OpenShift Networking from a container/workload point of view – Part 2: Container Networking on an OpenShift Node

July 15, 2016

In OpenShift, networking is equally simple from a container point of view. Within the container’s namespace there is a eth0 network interface configured and services such as DNS just work. You can still use dedicated NICs on the host to isolate specific types of traffic. What’s the difference?

It turns out there is hardly any difference if you are using docker commands to launch a container (yes, that still works). The most notable difference might be that the bridge’s name used for container networking in that case is called lbr0 instead of docker0.

But what about Containers running within Kubernetes/OpenShift Pods? A Pod is a grouping of one or more containers between which the namespacing has been relaxed to a certain extent – i.e. all containers within a pod share the same view on the network interfaces, hostname, etc. This is the first difference: Two containers (linux processes) within a pod can simply use “localhost” to communicate with each other, which is a great enabler of interesting deployment patterns.

OpenShift promises that all pods in a namespace can talk to each other, no matter where they are running. This is achieved via the OpenShift SDN component, of which two flavors exist – one in which all pods in all namespaces are able to see each other on the network, and one where each namespace can act as a private network.

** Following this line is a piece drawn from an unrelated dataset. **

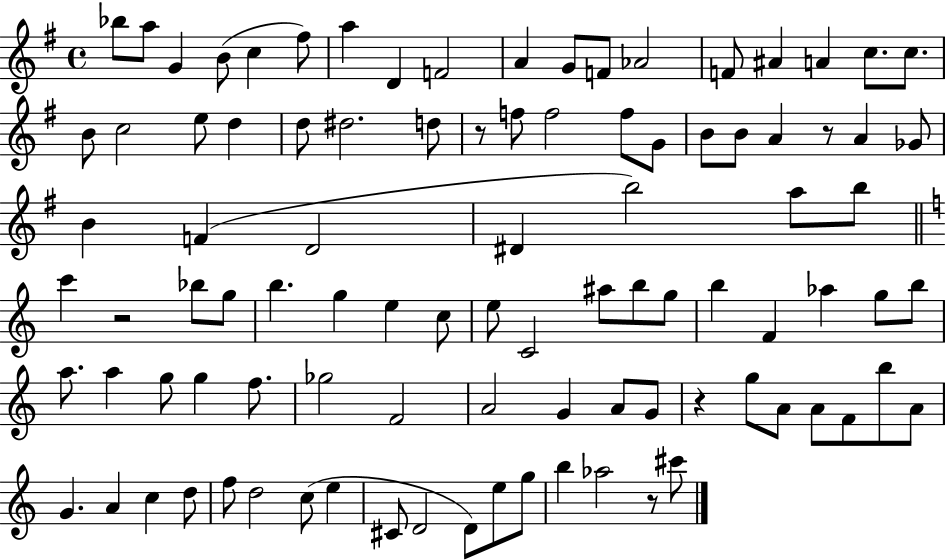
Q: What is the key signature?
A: G major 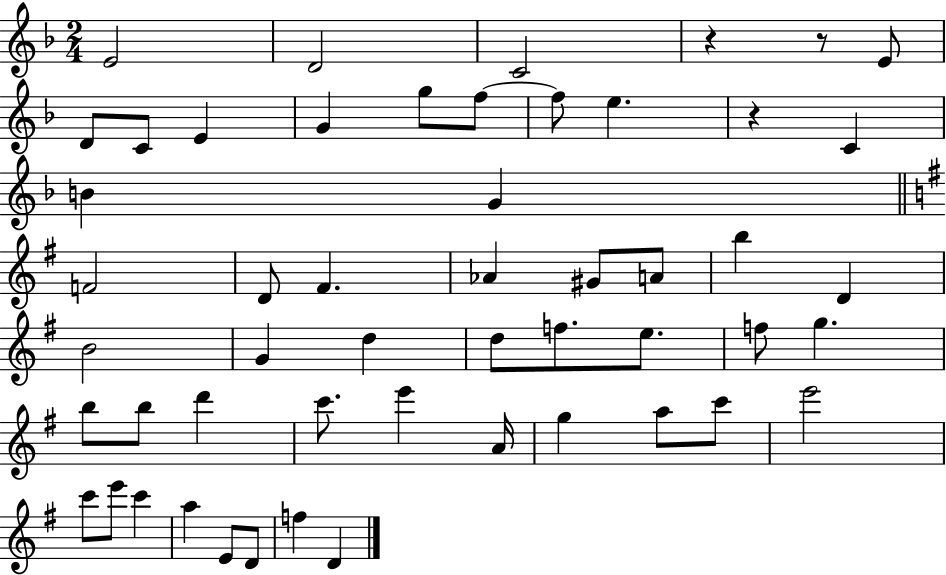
E4/h D4/h C4/h R/q R/e E4/e D4/e C4/e E4/q G4/q G5/e F5/e F5/e E5/q. R/q C4/q B4/q G4/q F4/h D4/e F#4/q. Ab4/q G#4/e A4/e B5/q D4/q B4/h G4/q D5/q D5/e F5/e. E5/e. F5/e G5/q. B5/e B5/e D6/q C6/e. E6/q A4/s G5/q A5/e C6/e E6/h C6/e E6/e C6/q A5/q E4/e D4/e F5/q D4/q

OpenShift SDN allocates a /16 subnet in the RFC1918 private IP address space (per default 10.1.0.0/16) as cluster network. Within this cluster network, each node is allocated a /24 subnet to allocate IP addresses to Pods. The node itself is allocated this subnet’s gateway address (e.g. 10.1.x.1), and the subnet’s broadcast address (10.1.x.255) cannot be assigned to neither pod nor node. This means that per default, a cluster is limited to 256 nodes and 254 pods per node (all of this is configurable).

After the subnet is allocated, Docker is responsiblefor allocating the IPs to the pods. OpenShift will then query what IP was assigned and lift the pod’s vethXXXX virtual device (the peer interface of the pod’s eth0) from the lbr0 bridge and connect it to an OpenVSwitch bridge device called “br0” instead.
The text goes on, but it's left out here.